A World Renewed. - Review - book review

National Review, March 20, 2000 by Michael Potemra

Neuhaus's book clearly deals with major issues, but in focusing on them one inevitably gives short shrift to its numerous incidental joys. For example, he points out that "the last recorded words of Mary in the New Testament [are] 'Do whatever he [Jesus] tells you.'" This is as succinct, and accurate, a summary of the Catholic tradition on Mary as I have ever read: She was never intended to serve as a goddess-figure, as comparative-religion scholars and no-popery pamphleteers have contended over the decades; she is, instead, the proto-disciple, with a marked family resemblance to her son.

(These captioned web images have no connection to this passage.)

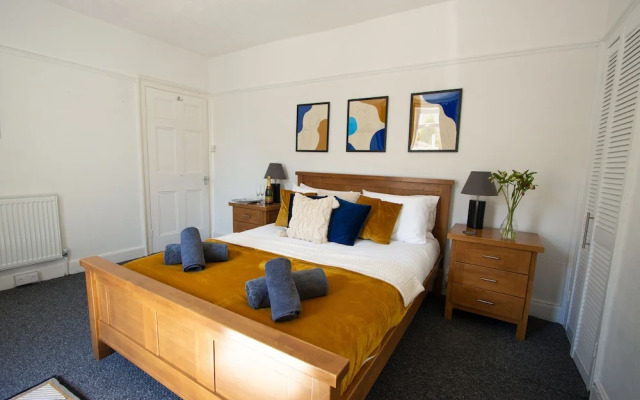 Spacious - Central 2 Bed Apartment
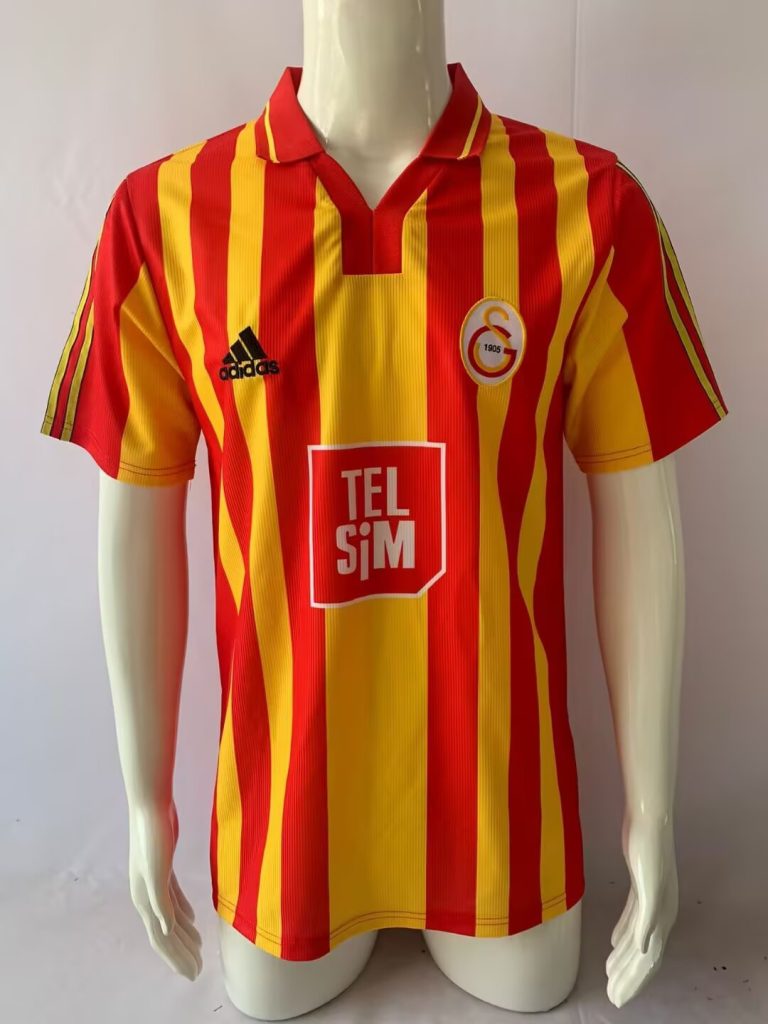 Galatasaray 2000-01 Camiseta local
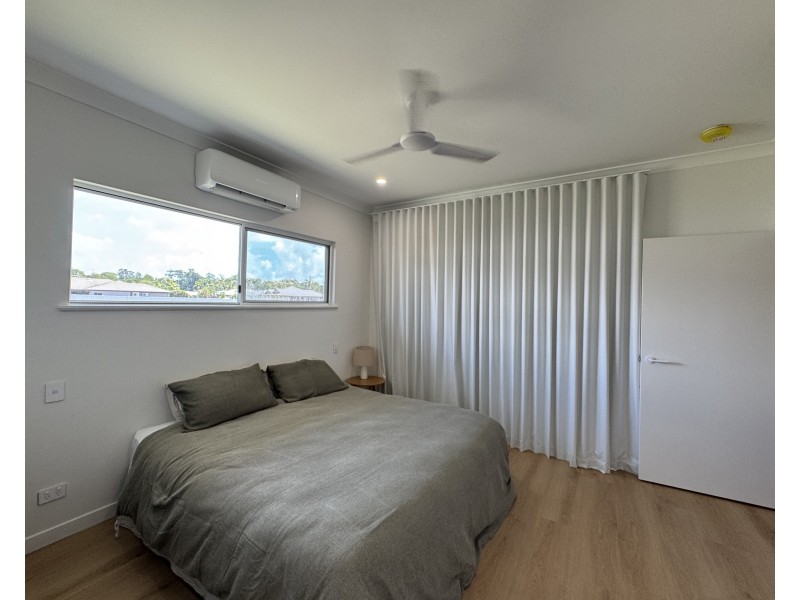 50 Midshipman St, South Mission Beach QLD 4852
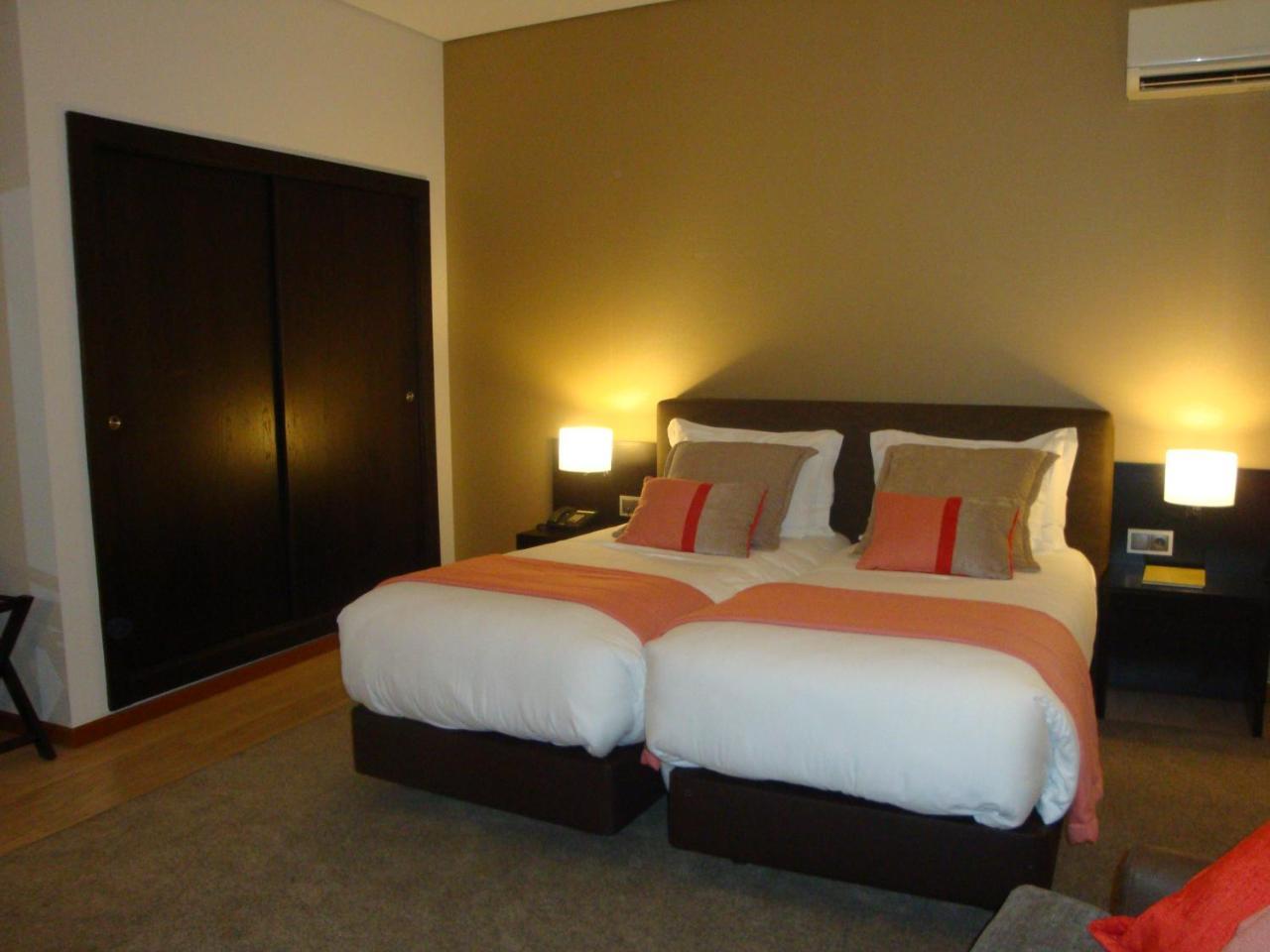 Turim Aveiro Palace Hotel Bagian luar foto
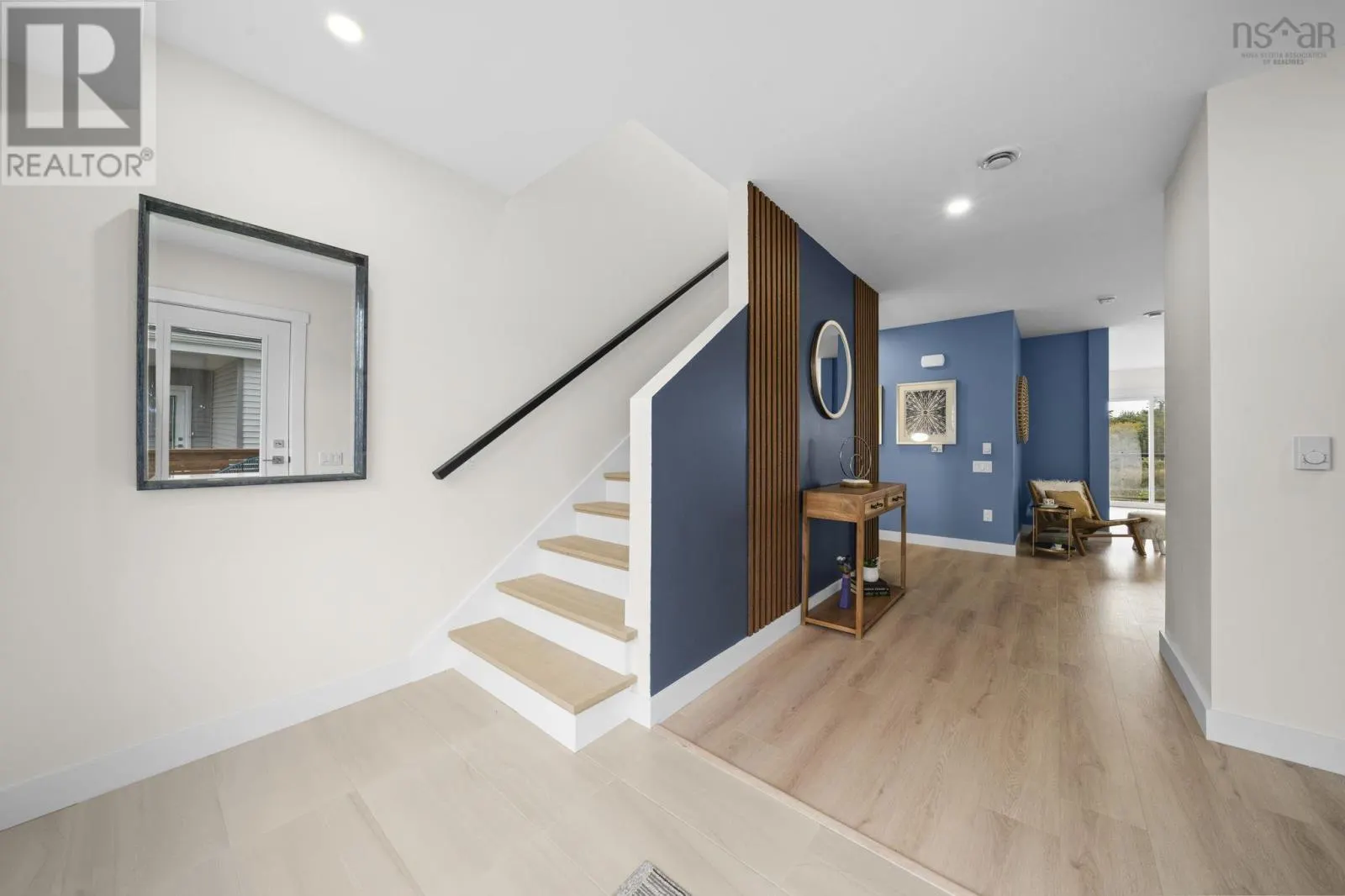 32 Berm Street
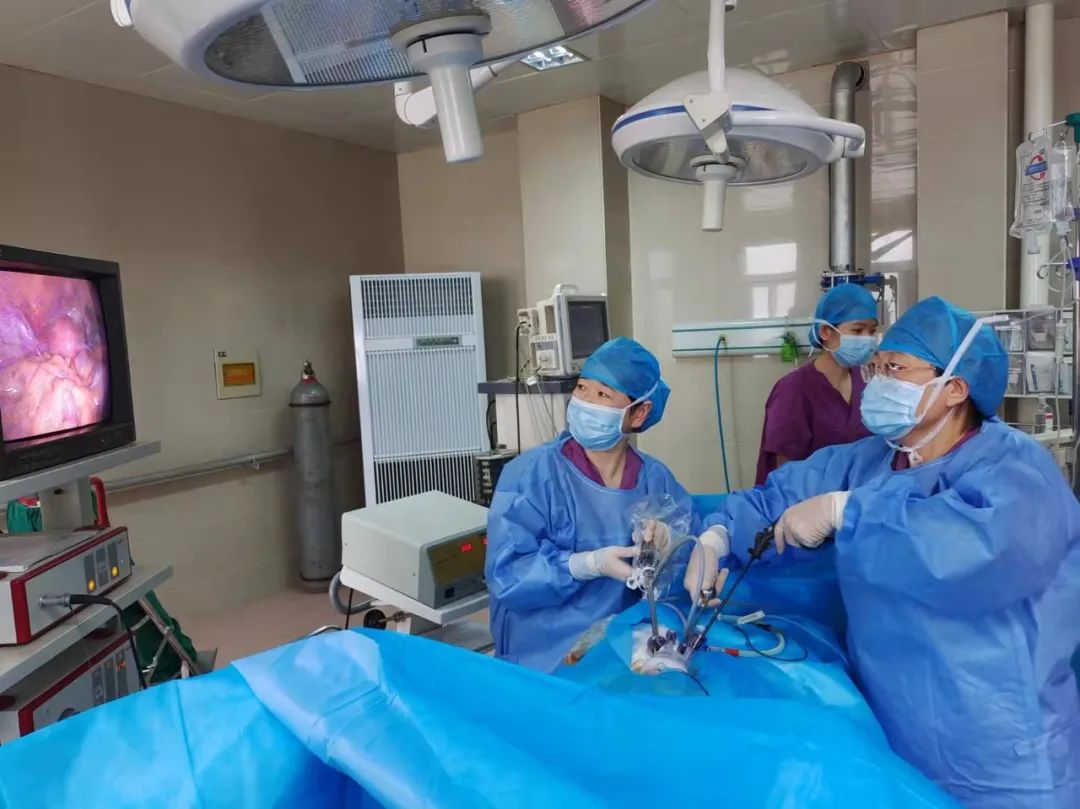 玉田县中医医院妇科独立开展首例单孔腹腔镜手术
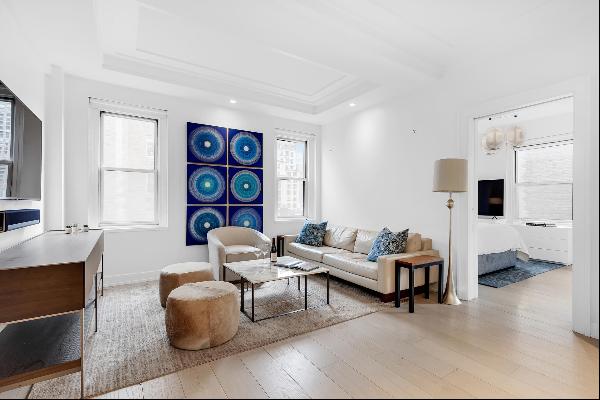 PARK AVENUE PERFECTIONLocated in the heart of Lenox Hill, this classic boutique co-op in t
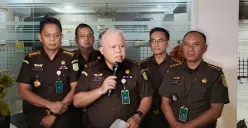 Kepala Pusat Penerangan Hukum (Kapuspenkum) Kejagung, Harli Siregar (tengah) saat konferensi pers di kawasan Kejagung, Jakarta Selatan. (Sumber: Poskota/Ali Mansur)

Such insights abound in Neuhaus's excellent book. Very few religious works succeed in appealing across inter-confessional boundaries without sacrificing a great deal in terms of both literary quality and intellectual heft. This book is a rare exception to the rule. It's well written and intellectually challenging for all readers, not just those who profess Neuhaus's faith, or indeed any faith at all. To understand this book, all a reader needs is an interest in the basics of the human condition. Neuhaus has depicted Jesus-not a tentatively reconstructed "Jesus of history," but the Christ of faith in all his theological fullness-as a figure of importance not solely or even chiefly for Christians, but for the human race.